> Material supplied
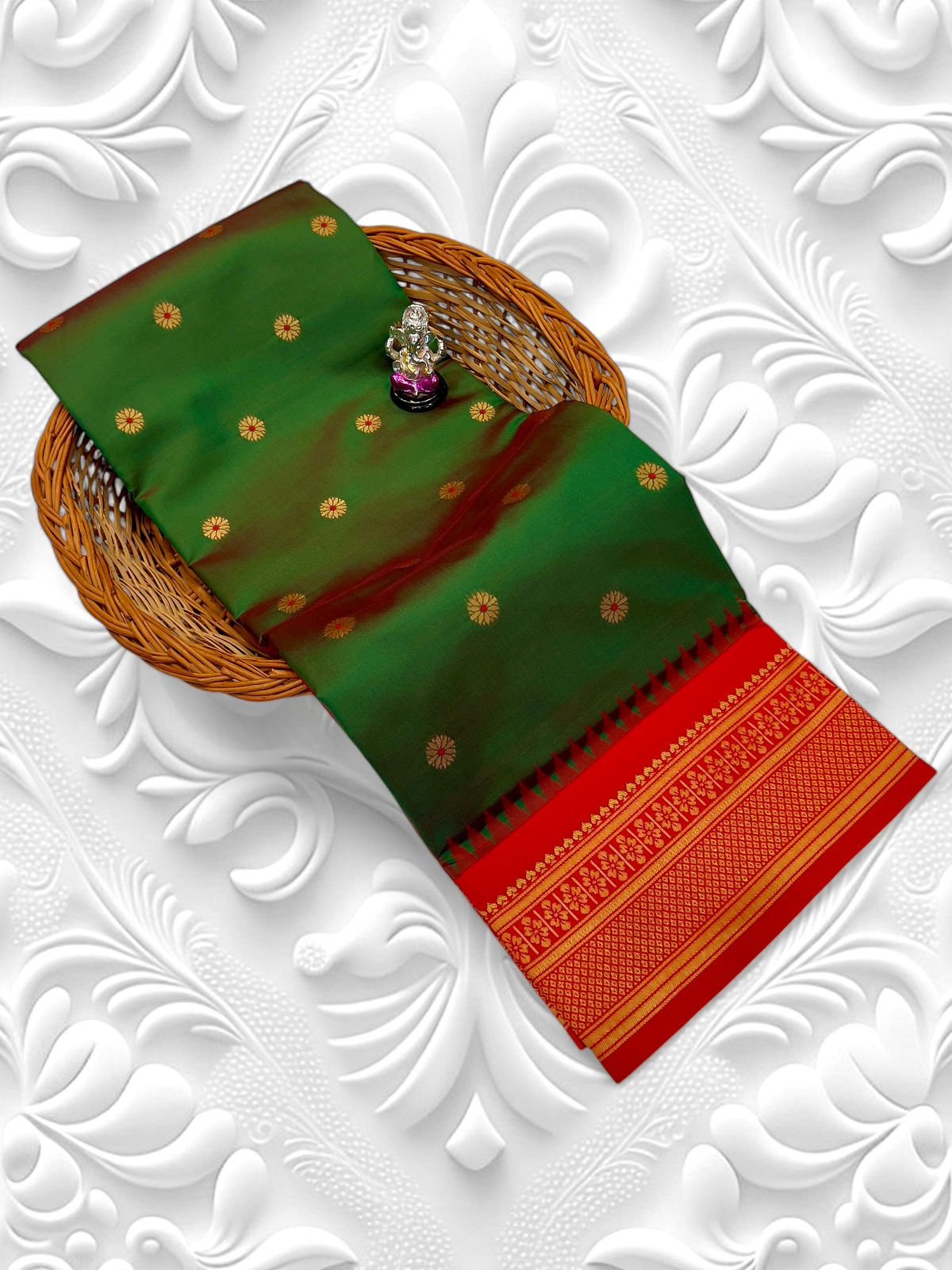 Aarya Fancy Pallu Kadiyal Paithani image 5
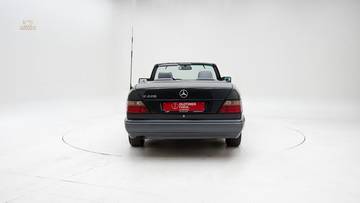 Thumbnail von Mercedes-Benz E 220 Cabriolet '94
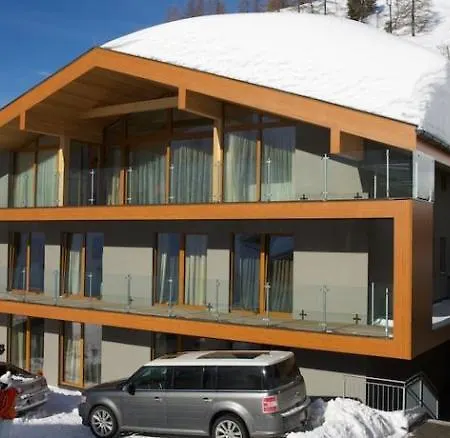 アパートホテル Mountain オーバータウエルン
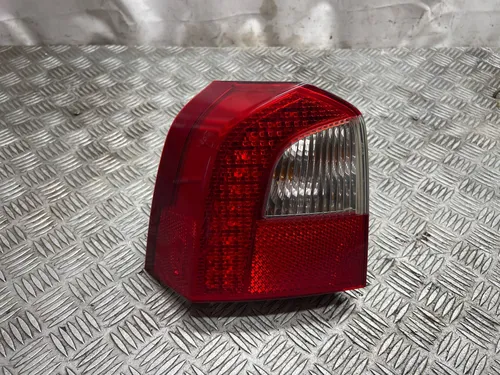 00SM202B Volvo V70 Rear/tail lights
--
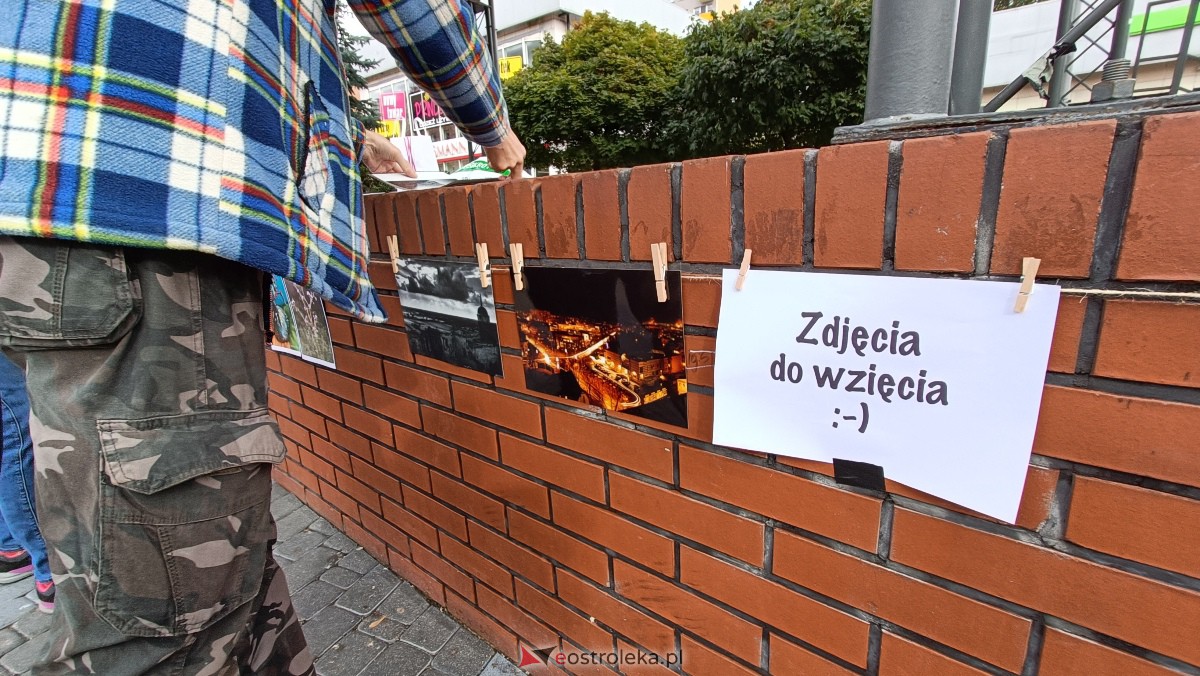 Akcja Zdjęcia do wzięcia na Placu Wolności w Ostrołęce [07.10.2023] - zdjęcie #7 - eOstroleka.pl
...
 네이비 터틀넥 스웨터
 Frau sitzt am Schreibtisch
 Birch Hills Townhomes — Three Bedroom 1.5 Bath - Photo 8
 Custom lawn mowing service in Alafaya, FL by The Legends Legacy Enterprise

> Exercise requirements
Each line from the one that contains "アパートホテル Mountain オーバータウエルン" down to the one that contains "00SM202B Volvo V70 Rear/tail lights" is to be returned exactly as it stands above, both ends included, with pictures removed.

> Answer to the problem
 アパートホテル Mountain オーバータウエルン
 00SM202B Volvo V70 Rear/tail lights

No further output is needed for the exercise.